Indonesia masih memiliki kesempatan untuk menyanggah dan Kementerian Perdagangan akan mengumpulkan data untuk membantah tuduhan tersebut.
Pihak Uni Eropa, lanjut Bayu menuduh produk biodiesel asal Indonesia memiliki harga lebih murah bila dibandingkan produk biodiesel dari bahan lain seperti minyak kedelai, matahari, rapeseed dan lain-lain.
"Harga kita jauh lebih murah, itu tuduhan mereka, dan sawit kita memiliki keunggulan dibandingkan bahan baku lain. Karena produksi sawit kita tinggi maka harga sawit kita juga murah hanya 200 dolar AS per ton," kata Bayu.
Bayu berpendapat keputusan Uni Eropa akan mengakibatkan konsumen di Benua Biru tersebut rugi karena kekurangan bahan baku biofuel yang kompetitif.
Bayu menyatakan, untuk merespons tuduhan tersebut dalam waktu 30 hari, Indonesia akan mengajukan keberatan dan Kementerian Perdagangan akan mendampingi perusahaan-perusahaan yang mengajukan keberatan.
"Kami akan mendampingi, dan dalam waktu 90 hari akan ada pengumpulan informasi yang nantinya dilanjutkan dengan proses dengar pendapat," ujar Bayu.
Pada kesempatan yang sama, Sekjen Asosiasi Produsen Biofuels Indonesia (Aprobi) Paulus Tjakrawan menyatakan bahwa pihaknya sangat kecewa terhadap tuduhan Uni Eropa. "Kami sangat kecewa dan tidak bisa menerima pengenaan bea masuk antidumping," kata Paulus.
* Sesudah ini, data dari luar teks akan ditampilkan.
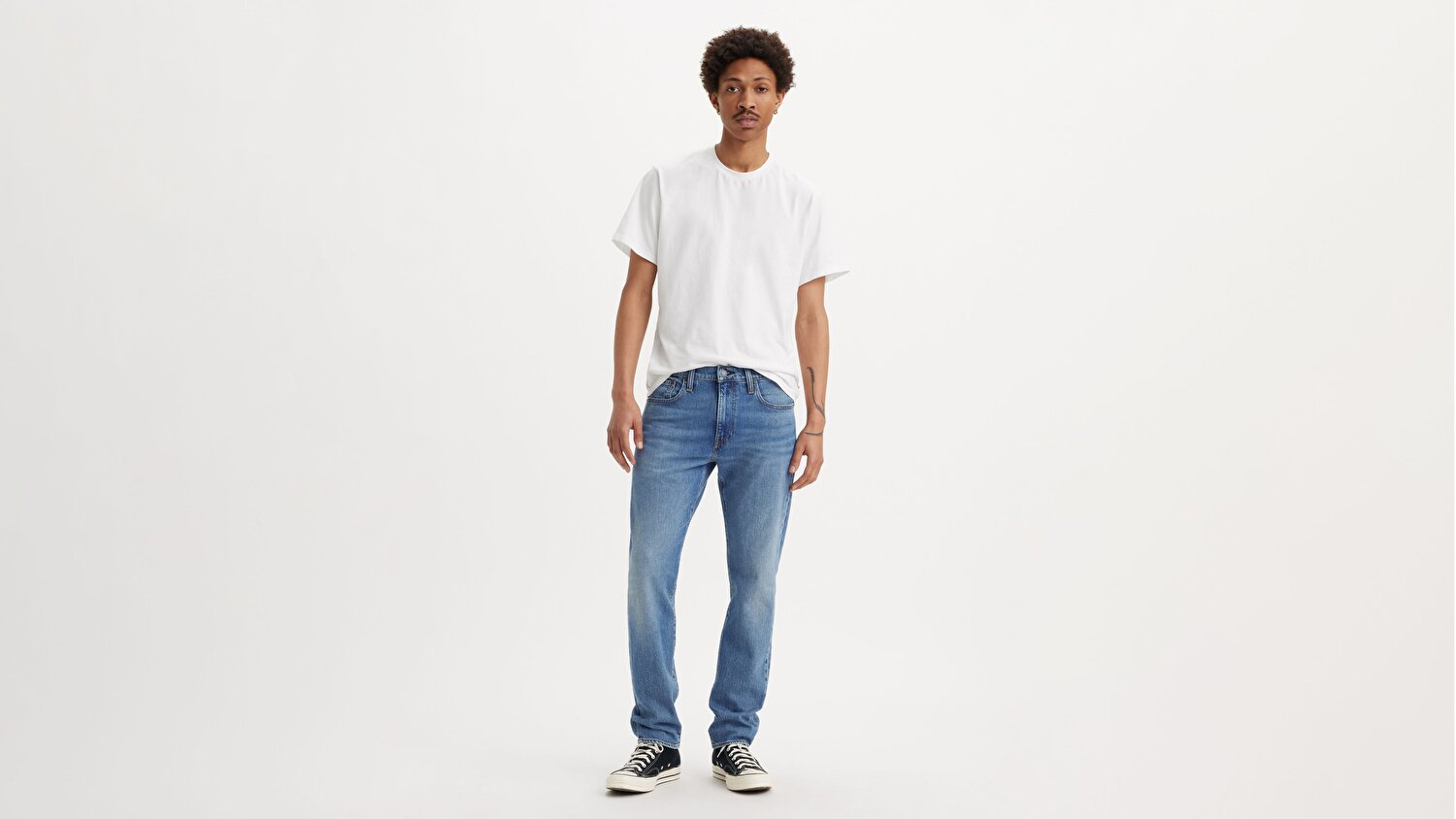 502™ Taper Erkek Jean Pantolon
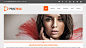Practical Responsive HTML Template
Paulus mengatakan akan mengikuti proses untuk menyangkal tuduhan tersebut dalam tenggat waktu 30 sampai 60 hari ke depan. "Jika tidak berhasil, kita akan membawa ke pengadilan atau bahkan WTO, dan kita mengharapkan dukungan dari semua pihak dan tentunya pemerintah," kata Paulus.